Supes: Dell’Arte enriches, expands, builds community

Daniel Mintz
Mad River Union

​HUMBOLDT – In the midst of Dell’Arte International’s five-week Mad River Festival event, Humboldt’s Board of Supervisors has honored the theater school and performance company as a cultural asset that’s inspired by – and enriches – the county’s communities.

​At their July 2 meeting, supervisors approved a resolution honoring the Blue Lake-based Dell’Arte, whose Mad River Festival performance series began on June 21 and continues through July 20.

​The festival includes numerous performances, many at Dell’Arte’s Carlo Theater in Blue Lake, and the Humboldt Folklife music festival from July 14 to July 20.

​The board’s resolution states that Dell’Arte “enriches and enlivens local cultural life by performing its work throughout Humboldt County,” including free performances.

​The resolution also notes that the theater company’s work in schools “has had a beneficial impact on youth.”

​“I have seen that, through the workshops they’ve done and their work with high schools and junior highs on plays and things – it’s really awesome stuff,” said Supervisor Mike Wilson as he read the resolution aloud.
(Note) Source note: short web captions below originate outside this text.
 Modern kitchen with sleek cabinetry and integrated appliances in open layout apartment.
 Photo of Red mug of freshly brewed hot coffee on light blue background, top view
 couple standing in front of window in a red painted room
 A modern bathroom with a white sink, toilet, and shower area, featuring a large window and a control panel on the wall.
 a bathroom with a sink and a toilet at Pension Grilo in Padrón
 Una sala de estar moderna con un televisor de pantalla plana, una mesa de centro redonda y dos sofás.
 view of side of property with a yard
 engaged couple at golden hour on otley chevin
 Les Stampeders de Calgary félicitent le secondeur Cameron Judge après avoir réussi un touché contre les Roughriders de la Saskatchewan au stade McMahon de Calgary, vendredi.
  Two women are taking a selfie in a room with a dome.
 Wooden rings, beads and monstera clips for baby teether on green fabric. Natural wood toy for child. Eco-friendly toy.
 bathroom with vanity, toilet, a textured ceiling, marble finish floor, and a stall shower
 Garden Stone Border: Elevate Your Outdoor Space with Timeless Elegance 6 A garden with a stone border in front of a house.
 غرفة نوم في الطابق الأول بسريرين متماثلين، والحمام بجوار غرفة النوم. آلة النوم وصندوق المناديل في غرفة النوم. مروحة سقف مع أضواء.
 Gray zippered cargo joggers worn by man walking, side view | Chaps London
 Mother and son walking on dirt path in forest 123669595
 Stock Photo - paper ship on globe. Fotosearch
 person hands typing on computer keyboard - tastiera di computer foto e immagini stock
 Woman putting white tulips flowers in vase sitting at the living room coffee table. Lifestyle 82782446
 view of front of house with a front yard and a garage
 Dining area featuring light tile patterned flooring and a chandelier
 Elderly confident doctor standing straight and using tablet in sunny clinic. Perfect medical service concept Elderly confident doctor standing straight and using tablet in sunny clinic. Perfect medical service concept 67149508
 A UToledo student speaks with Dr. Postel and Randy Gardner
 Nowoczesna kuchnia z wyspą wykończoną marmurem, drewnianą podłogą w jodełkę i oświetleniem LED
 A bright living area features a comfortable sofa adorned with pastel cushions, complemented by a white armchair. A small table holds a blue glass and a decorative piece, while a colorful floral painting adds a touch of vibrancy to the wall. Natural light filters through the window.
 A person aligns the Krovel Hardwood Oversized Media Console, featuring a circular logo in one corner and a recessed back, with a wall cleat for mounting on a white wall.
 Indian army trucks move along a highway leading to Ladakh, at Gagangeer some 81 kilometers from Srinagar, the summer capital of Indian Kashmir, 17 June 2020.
​After reading the resolution’s reference to Dell’Arte’s international student body, Wilson said the company and school “turns Blue Lake into an international center for Humboldt County and it definitely does bring the clown school to us in a wonderful way.”

​Illustrating Dell’Arte’s influence, Wilson related how he was at Blue Lake’s Logger Bar years ago and “there was a person there drinking after a hard day’s work at the mill and scooting by was a person on a unicycle.”

​He added, “I thought, this is the most Fellini experience I’ve ever had.”

​Dell’Arte’s influence goes far beyond Humboldt, as its performances and collaborations are done nationally and internationally.

​But Humboldt County is where the most benefit is seen. Michael Fields, Dell’Arte’s artistic director, thanked supervisors for “valuing culture and the impact of culture on this economy, because it is an economic driver.”

​He referenced a study generally confirming that and added, “When you look at Blue Lake, when we have 50 students in the house from all over the world, that contributes hugely to what happens in the community.”  

​Stephany Joy, a member of Dell’Arte’s board of directors, described the theater as one whose performances are unique – and unique to the place where it’s based.

​“It’s work that’s not just repetitive, regurgitated theater, it is original theater,” she said. “It’s about local issues and beyond.”

​Supervisor Steve Madrone said Dell’Arte has “been breaking down the walls in our communities for a long time, with its satire and entertainment.”

The resolution was on the meeting’s consent agenda and it was noted by Blue Lake developer Kent Sawatzky, whose restoration of Dell’Arte’s headquarters in the early 1990s was mentioned by Fields.  

“In Blue Lake, Dell’Arte is the center of our universe,” Sawatzky said.